> [Exercise prompt]
Please return the lines below verbatim, beginning at the one that has "Бенгальські кішки, бенгальські коти, бенгальські" and stopping after the one that has "Human Stasis", and add no other lines.

> [Records for processing]
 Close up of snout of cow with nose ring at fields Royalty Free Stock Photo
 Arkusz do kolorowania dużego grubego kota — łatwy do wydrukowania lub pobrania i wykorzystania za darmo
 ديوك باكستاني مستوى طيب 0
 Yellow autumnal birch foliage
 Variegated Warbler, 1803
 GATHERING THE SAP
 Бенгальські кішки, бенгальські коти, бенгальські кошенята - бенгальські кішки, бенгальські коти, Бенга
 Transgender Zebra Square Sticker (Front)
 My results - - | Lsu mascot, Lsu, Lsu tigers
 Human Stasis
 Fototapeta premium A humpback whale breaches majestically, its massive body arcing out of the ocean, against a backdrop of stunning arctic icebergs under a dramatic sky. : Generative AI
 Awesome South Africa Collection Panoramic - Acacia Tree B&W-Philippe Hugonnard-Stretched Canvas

> [Finished exercise]
 Бенгальські кішки, бенгальські коти, бенгальські кошенята - бенгальські кішки, бенгальські коти, Бенга
 Transgender Zebra Square Sticker (Front)
 My results - - | Lsu mascot, Lsu, Lsu tigers
 Human Stasis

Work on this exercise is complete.